We posted a little about this a couple days ago. It really is easier than you think to become a trusted user to unsuspecting victims. If you didn’t see it, you can see it now.
So if it’s so easy to do then what’s the point, right? If people really want your information then they are going to get it and they can do it as simple as that. And as we have mentioned before, this can be overwhelming. But we can’t allow it to be. We can’t make it easy and we can’t just give in and accept.
We know how they attack, and we just saw how a sample attack goes down. So let’s use that.
- Adopt enhanced security measures. Change your passwords. Don’t use the same passwords for multiple sites or devices.

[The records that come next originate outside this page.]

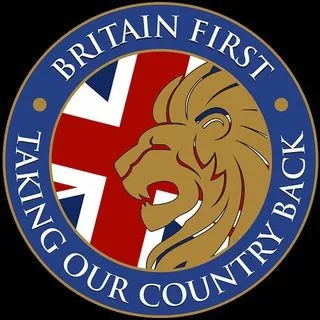 Britain First - новости патриотов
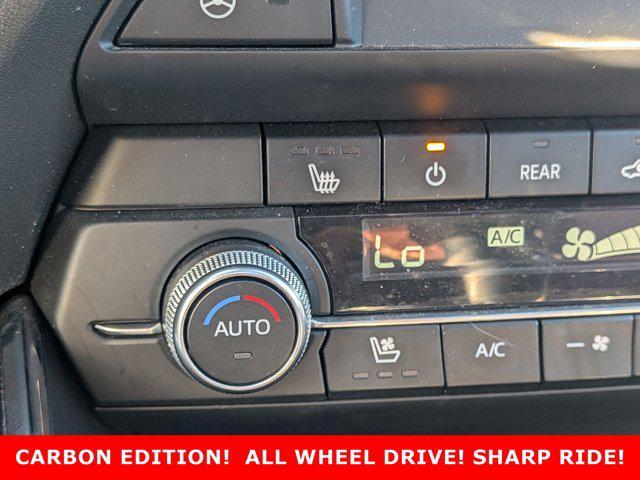 used 2021 Mazda CX-9 car, priced at $26,995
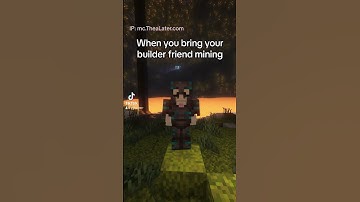 They’re trying their best?? Join my SMP IP: mc.thealater.com #minecraft #minecraftsmp #smp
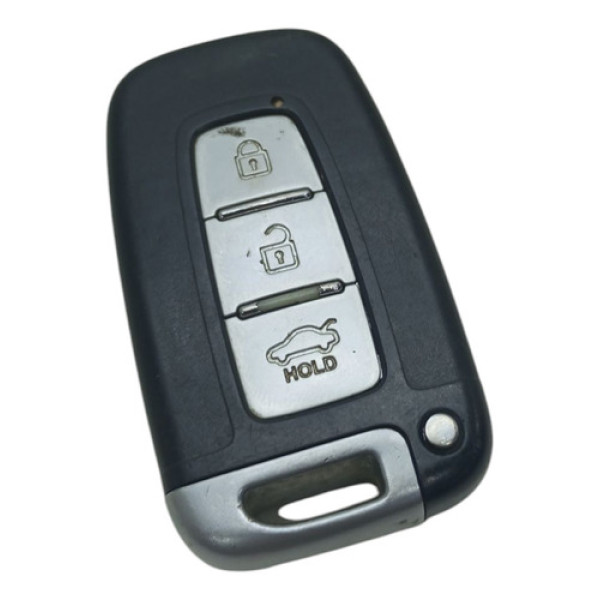 Chave Canivete Kia Cadenza 3.5 2012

Use passphrases, not codes. Change them every 60-90 days. Use two factor identification in as many sites/places as you can. It’s becoming more and more common so if you don’t have it, ask about it.

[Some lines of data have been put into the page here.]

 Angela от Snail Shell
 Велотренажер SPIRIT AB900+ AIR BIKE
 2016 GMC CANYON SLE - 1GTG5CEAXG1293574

- Identify your critical information and have different levels of security. Everything is not critical and everything doesn’t need to be protected – find out what is the most important and implement additional security measures. Need help understanding this? Check out our prior post.
- Change things up. The military uses Random Access Measures. As the name implies, these are security measures implemented randomly to break up the monotony of your day to day security posture. The intended result – throw off operational planning and surveillance. When an attacker is doing their research they spend days observing all your actions, also known as footprinting. This tactic is designed to identify vulnerabilities, and the time and place for their attack. By implementing RAM, there is always the chance that the attack is disrupted or it fails because something that wasn’t planned for happened. For example, your receptionist now implements 100% identification check prior to entering, or security personnel are visible in and around your location, or you switch network security measures. Change it up; do something unexpected; throw off the attackers window. If they see it happen one day, they may decide that the randomness of your measures is enough to not risk an attack.
- Learn about social engineering. Studies have varied, but most agree that the overwhelming majority of attacks are a result of human error or human ignorance. Social engineers take advantage of our emotions and natural propensity to want to help. They use this to gain access and they will employ any number of tools to do it. Education yourself and those in your company. Try this link. Or this one. Even this.
- Review your policies. If you don’t have policies then start working on them.
- Be Alert and Aware. Security has to be a mindset; a state of mind. It’s not convenient and you can’t relax. Read, listen, and learn about new attacks. Trust but verify. This mantra is very simple. We should trust others, but we have to verify and follow our own instincts. If it doesn’t sound right then maybe it’s not. If you don’t know someone, then don’t just take them for their word, make them prove it. If you have security policies, default to those.
Security should not scare you. It needs to be commitment to protecting you and your company.